Mahanenko, one of the founding fathers of LitRPG, brings his trademark world-building to a protagonist refreshingly different from the usual young adventurer. Readers praise this as “one of the very best the genre has to offer.”
Solo Leveling by Chugong
Sung Jin-woo was the weakest hunter in existence—a laughingstock who barely survived the lowest-level dungeons. Then a mysterious double dungeon nearly killed him, and a System chose him as its sole player, granting the impossible ability to grow stronger without limit.
While Solo Leveling’s core narrative follows Jin-woo’s ascent from weakness to godhood, the story’s conclusion involves the Cup of Reincarnation—a reset of time itself that allows our hero to face threats anew with accumulated power. The sequel, Solo Leveling: Ragnarok, follows his son in a world shaped by those temporal machinations.
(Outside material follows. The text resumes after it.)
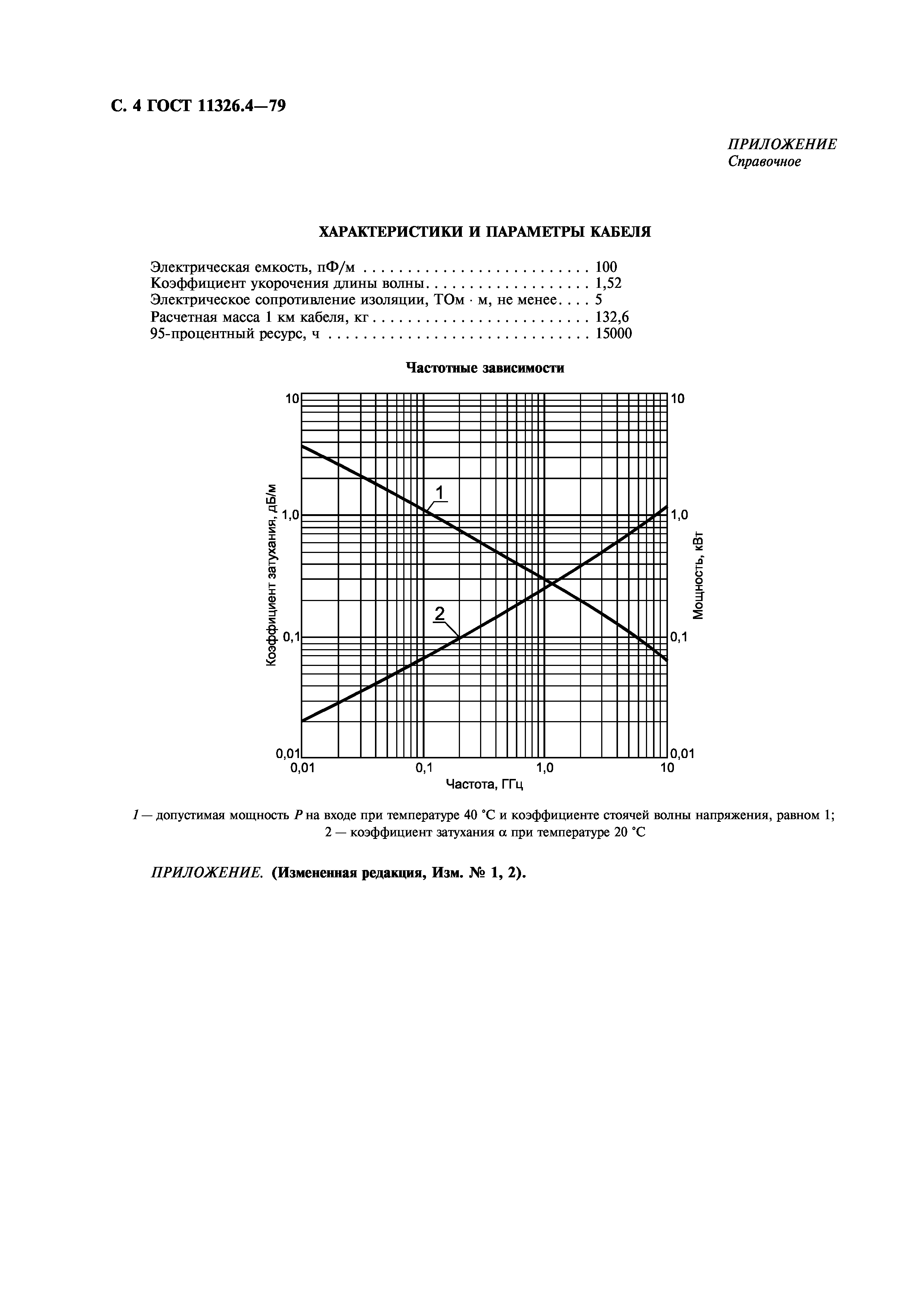 ГОСТ 11326.4-79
The manhwa adaptation has conquered the globe, and the light novel offers even greater depth for those who wish to understand Jin-woo’s full journey from nobody to Shadow Monarch.
Honorable Mentions: Rising Stars on Royal Road
For those who have devoured the above and hunger for more, two web serials deserve attention:
The Exalted Mage follows Veronica, a war-veteran destruction mage sent back to her younger body with memories of humanity’s defeat. The prose stays crisp, the progression steady, and the hook—a woman who has seen the worst and refuses to see it again—compels from the first chapter.
Broken Hourglass gives us Alex, found dying with half her body missing, who awakens eight years in the past with prophecy burning in her mind. The apocalyptic scenario draws inspiration from countless works of regression whilst crafting something distinctly its own.
Why We Love Second Chances
There is something deeply human about these tales, is there not? We have all lain awake imagining what we might do differently, what words we might unsay, what paths we might have taken. These stories grant their heroes what we cannot have—and then demand they earn it.
May you find your next favorite among these pages, dear reader. And may your own story, though it cannot loop back, continue forward with all the wisdom you have gathered along the way.